The Mueller team, according to all available evidence, was stunned. After all, it had all seemed so simple. If a trial was not forthcoming, then an indictment could say whatever prosecutors wanted it to say. They could accuse Prigozhin and his entourage of anything and everything, and as long as they didn’t have to lay it out before a judge and jury, no one would care. The press would get its story, Mueller would get his acclaim, and, for the umpteenth time, Russia would be branded the most hellish country on earth. What could go wrong?
But then Concord called Mueller’s bluff, and everything went to pot. Since judicial procedure requires something called “discovery,” a process by which the defense gets to scrutinize the prosecution’s evidence so it can mount an effective rebuttal, Reed Smith partner Eric Dubelier demanded to see what government had.

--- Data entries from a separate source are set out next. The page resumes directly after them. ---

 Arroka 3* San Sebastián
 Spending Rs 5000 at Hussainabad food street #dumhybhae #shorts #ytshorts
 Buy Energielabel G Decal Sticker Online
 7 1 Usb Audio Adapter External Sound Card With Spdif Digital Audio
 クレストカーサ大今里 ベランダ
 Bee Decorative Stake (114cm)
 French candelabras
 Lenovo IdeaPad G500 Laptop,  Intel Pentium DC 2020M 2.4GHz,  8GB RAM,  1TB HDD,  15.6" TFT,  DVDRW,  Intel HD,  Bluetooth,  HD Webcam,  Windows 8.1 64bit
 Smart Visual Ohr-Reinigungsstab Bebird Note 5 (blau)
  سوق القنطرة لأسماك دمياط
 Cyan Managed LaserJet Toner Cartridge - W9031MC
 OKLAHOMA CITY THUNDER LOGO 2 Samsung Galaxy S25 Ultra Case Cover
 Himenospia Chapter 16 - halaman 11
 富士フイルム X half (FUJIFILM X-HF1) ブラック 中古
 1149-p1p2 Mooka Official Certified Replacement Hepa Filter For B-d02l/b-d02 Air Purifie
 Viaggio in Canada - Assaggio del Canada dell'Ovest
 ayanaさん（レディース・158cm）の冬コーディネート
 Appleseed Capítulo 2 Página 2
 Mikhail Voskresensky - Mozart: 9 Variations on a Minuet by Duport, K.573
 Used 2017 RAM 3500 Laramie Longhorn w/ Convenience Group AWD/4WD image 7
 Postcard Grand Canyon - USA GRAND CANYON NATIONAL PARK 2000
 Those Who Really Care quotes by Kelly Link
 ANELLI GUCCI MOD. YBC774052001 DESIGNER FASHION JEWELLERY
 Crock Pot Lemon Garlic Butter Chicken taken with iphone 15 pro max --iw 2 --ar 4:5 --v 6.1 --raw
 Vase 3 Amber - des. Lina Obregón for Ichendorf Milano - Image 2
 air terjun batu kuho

Prosecutors said no. The material was too “sensitive.” If Dubelier saw it, then he might show it to Prigozhin, who would then use it against the U.S. Conceivably, the prosecution could have redacted the evidence by removing proper names and other such material. But no, they wanted Federal Judge Dabney Friedrich to narrow defense access even more. When she refused, they tried to turn tables by demanding sweeping information about Prigozhin and his holdings. When that didn’t work, they announced that they had a secret witness who would reveal everything about Prigozhin and his illicit activities that anyone might want to know.
Finally, they threw in the towel, surprising everybody except the few who saw it coming all along. “In light of the defendant’s conduct,” the prosecution announced, “…its ephemeral presence and immunity to just punishment, the risk of exposure of law enforcement’s tools and techniques, and the post-indictment change in the proof available at trial, the balance of equities has shifted. It is no longer in the best interests of justice or the country’s national security to continue this prosecution.”
Translation: we give up. After years of headlines, revelations, scoops, and other such nonsense, the trial of the decade was off. Explaining how Russia had used Facebook to twist American minds was too much trouble. It was easier to let Prigozhin to continue with his shenanigans while prosecutors attended to more serious matters, such as whether a 62-year-old Connecticut man really threatened to kill House intelligence chairman Adam Schiff.
The emptiness of the entire charade thus stands exposed. Yes, Russians may have pulled a few adolescent tricks on the internet. Yes, Prigozhin may have placed a few inane ads on Facebook. But, contrary to Mueller and his absurd report, Russian intelligence did not steal thousands of DNC emails – WikiLeaks’s source was entirely different – while the $44,000 that Prigozhin spent on Facebook ads prior to Election Day 2016 had a minimal impact on the outcome. The whole affair didn’t amount to a hill of beans.
Or, to put it another way, the real scandal was the scandal itself, i.e. not what Russiagate revealed about what the Kremlin was up, but what it showed about how intelligence agencies were able to mount a classic disinformation campaign in league with the corporate press. Russiagate had the country in an uproar for years, but now the great unraveling has begun. Hopefully, it will continue until the entire process is laid bare.